Reproduce, without alteration, every line of the data; exclude the images.

# PROVIDED MATERIAL
======
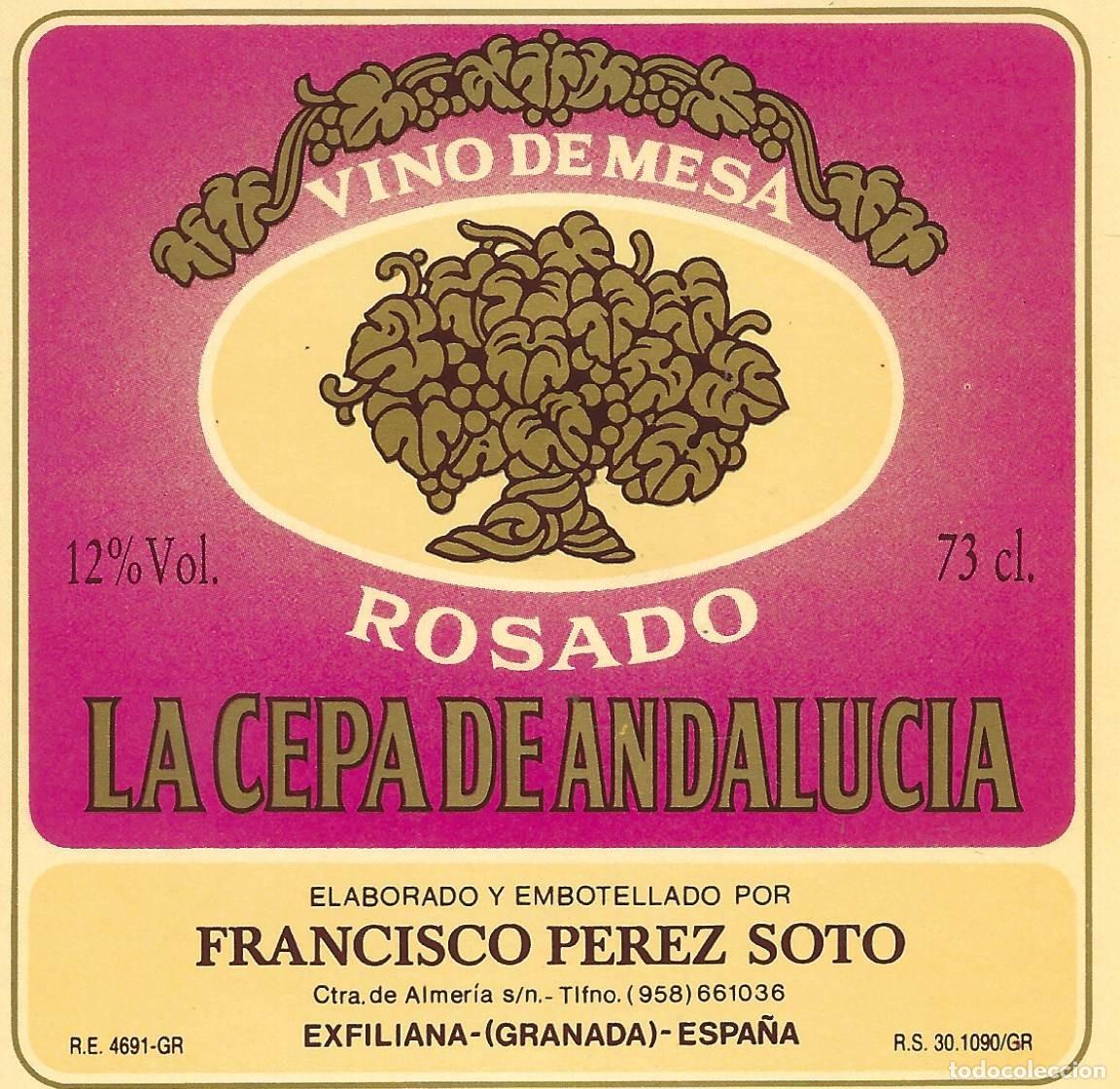 &Eacute;tiquettes anciennes: E1653 BODEGAS FRANCISCO PEREZ SOTO-VINO ROSADO LA CEPA DE ANDALUCIA-0.73L-12%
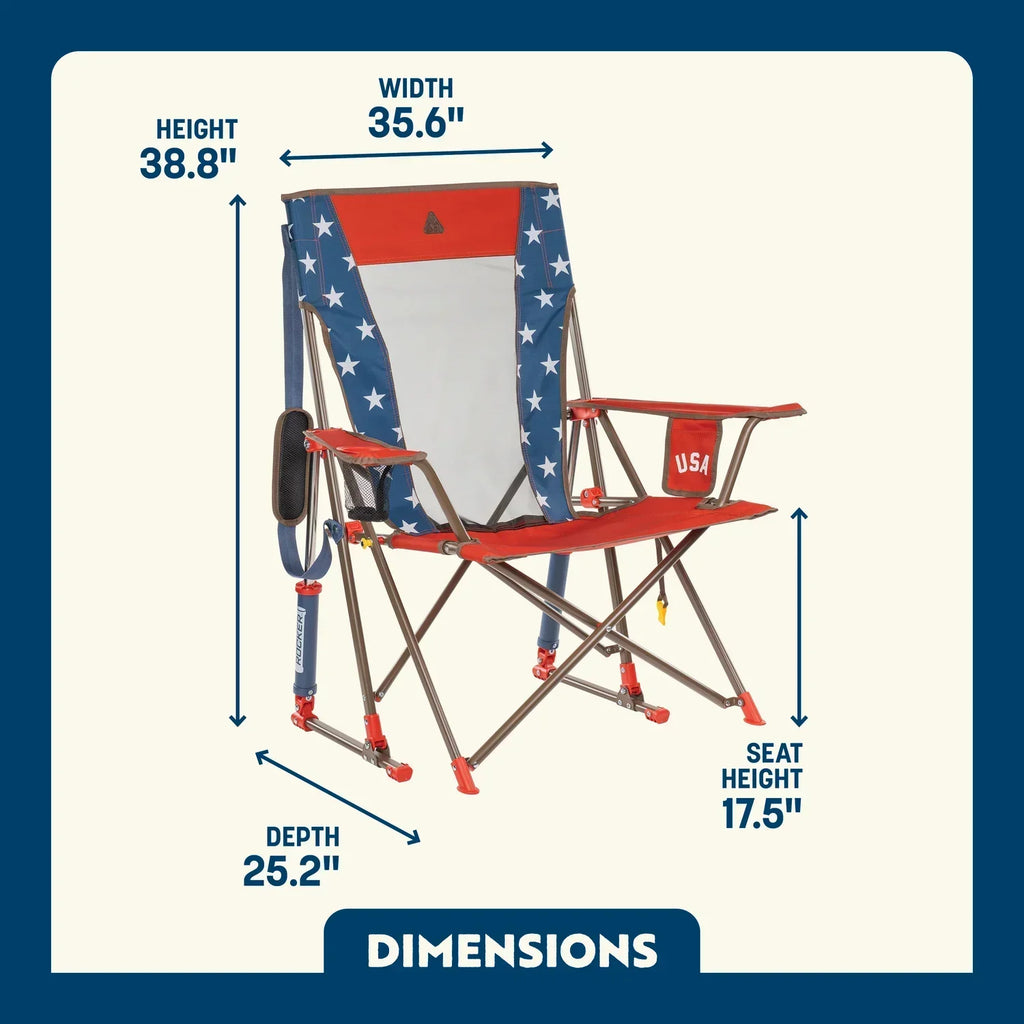 Premium All-Weather Comfort Pro Rocker - USA Anniversary Deluxe - Choice 424 - RoadTrip Rocker Smooth Motion Camp Chair Detail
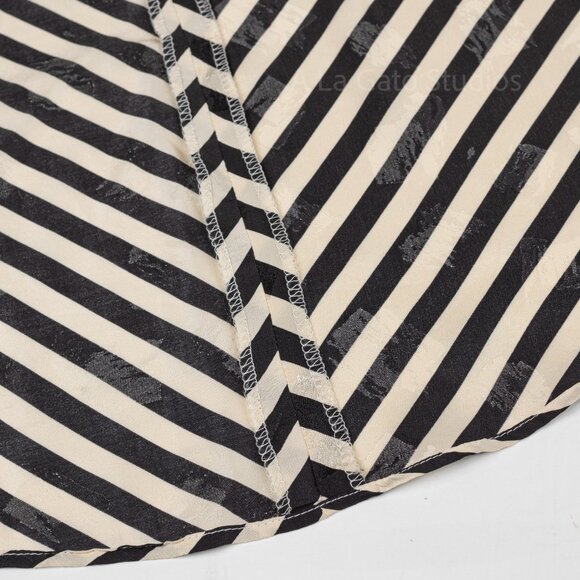 Paraphernalia Brand Vintage Black Cream Jacquard Silk Chevron Striped Skirt - Picture 5 of 7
======
# WRITTEN ANSWER
 &Eacute;tiquettes anciennes: E1653 BODEGAS FRANCISCO PEREZ SOTO-VINO ROSADO LA CEPA DE ANDALUCIA-0.73L-12%
 Premium All-Weather Comfort Pro Rocker - USA Anniversary Deluxe - Choice 424 - RoadTrip Rocker Smooth Motion Camp Chair Detail
 Paraphernalia Brand Vintage Black Cream Jacquard Silk Chevron Striped Skirt - Picture 5 of 7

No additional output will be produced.